The goal of the project is the development of an overall strategy for reduction of turbidity/TSS, with sets of sediment reduction initiatives and actions for various sources, to address the Minnesota River Turbidity TMDL and the South Metro Mississippi River TSS TMDL.
The goal of this project is to extend the existing HSPF models through 2012 in the Chippewa Watershed (07020005) and Hawk-Yellow Medicine Watershed (07020004) to incorporate recent monitoring data to support current MPCA business needs and sediment source investigations.
The MPCA has selected the Soil and Water Assessment Tool (SWAT) watershed model to simulate watershed hydrology and water quality to assess various restoration scenarios in the Little Cannon River watershed. The SWAT model is an important tool in developing an understanding of existing conditions and simulating conditions under various management scenarios to inform the development of implementation strategies and plans to restore and protect streams and lakes.
The goal of this project is to analyze and document database architecture, platform, table structures, systems and data fields at six Minnesota agencies (Board of Soil and Water Resources, Department of Natural Resources, MN Department of Agriculture, MN Department of Health, Metropolitan Council, and MN Pollution Control Agency) for 30+ databases related to water.
This project will assist farmers across Southeast Minnesota by providing guidance on management of nutrient sources including livestock manure, commercial fertilizers, and legumes.
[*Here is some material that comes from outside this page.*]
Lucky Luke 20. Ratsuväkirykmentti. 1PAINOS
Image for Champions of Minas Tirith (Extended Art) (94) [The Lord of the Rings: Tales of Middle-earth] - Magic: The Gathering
This project is important because excess nutrients and bacteria are causing negative impacts to the quality of waters. Two Nutrient Management Specialists will work one-on-one with farmers to develop 70 plans each year. Over time, it is anticipated that the number of new nutrient management plans will decrease as acres with plans increase.
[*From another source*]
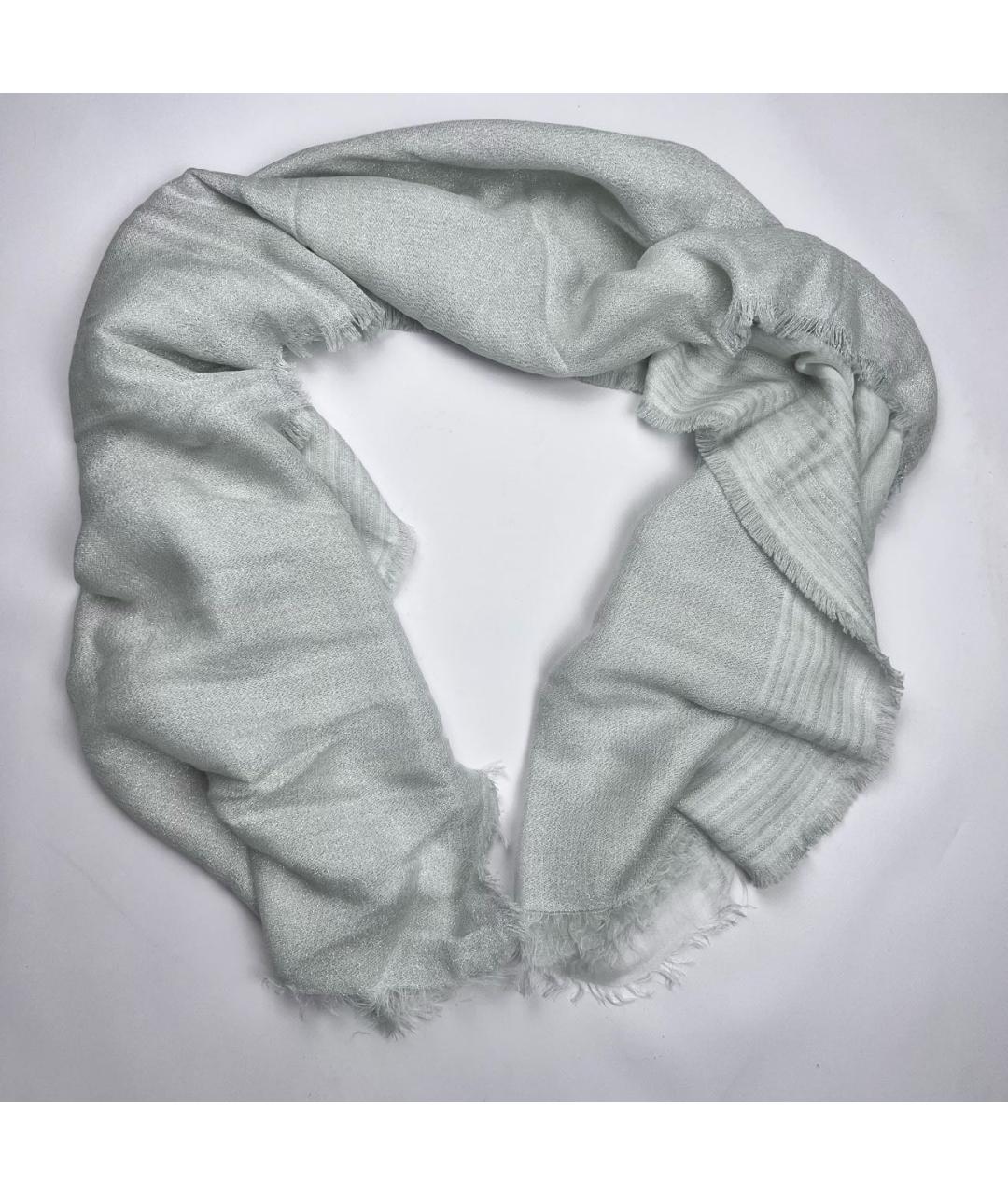 PESERICO Белый хлопковый шарф, фото 4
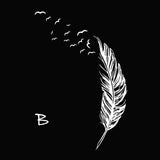 Flying feather Wall Stickers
The goal of this project is to better target restoration activities in the Cannon River watershed via a paleolimnological study of a selected set of the lakes addressed in the Total Maximum Daily Load (TMDL) for the watershed. The goals are to better constrain lake phosphorus budgets, and determine the magnitude of ecological change experienced by a range of lake types.
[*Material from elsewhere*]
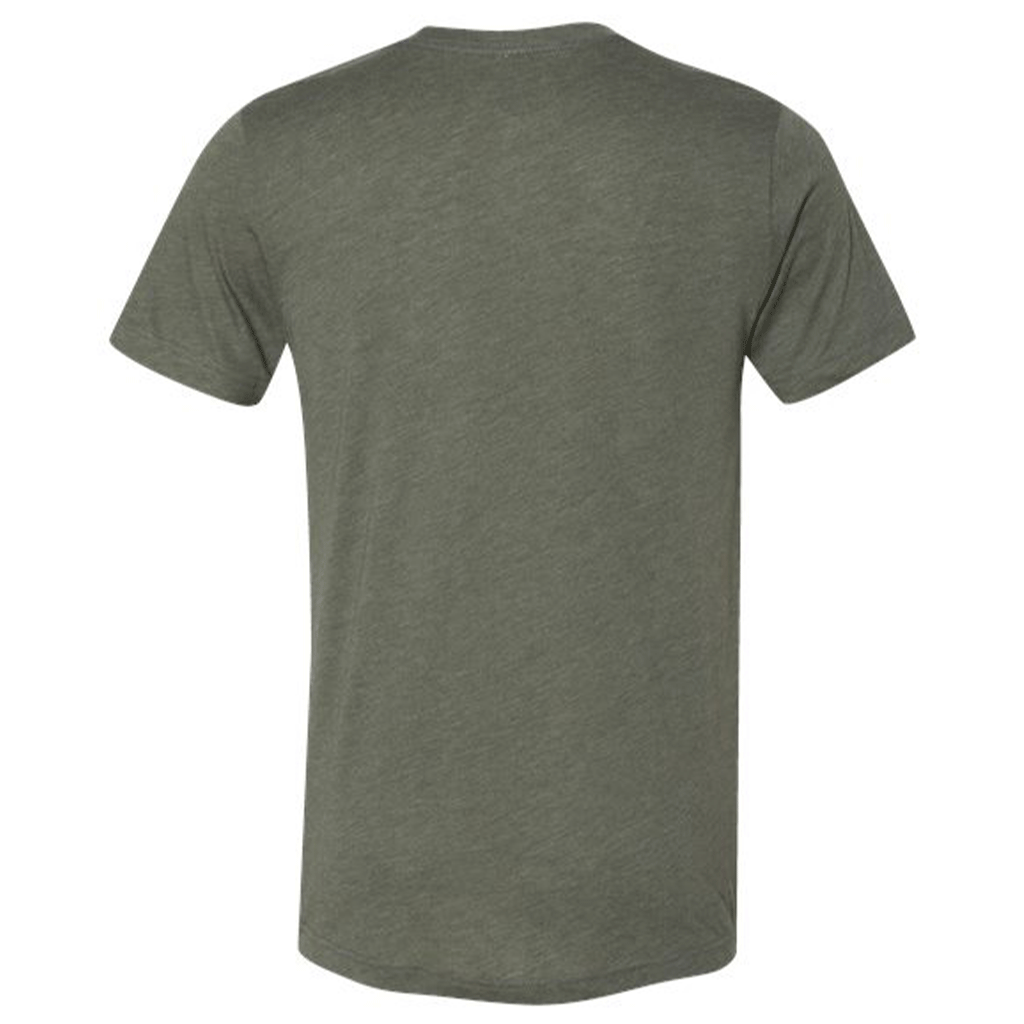 Bella + Canvas Unisex Military Green Triblend Short-Sleeve T-Shirt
This project will complete the final Implementation Plan, semi-annual and final reports and hold project meetings. The Implementation Plan will identify target areas and priorities for implementation strategies to improve water quality for Bluff Creek. This project will build the groundwork so Bluff Creek will meet water quality standards for aquatic life in the future.
The goal of the project is to sustain the existing Volunteer Nitrate Monitoring Network (VNMN) domestic well network for long-term groundwater quality studies by generating ambient groundwater quality data in domestic drinking water wells completed in various southeastern Minnesota aquifers, contrasting vulnerable and non-vulnerable hydrogeologic settings.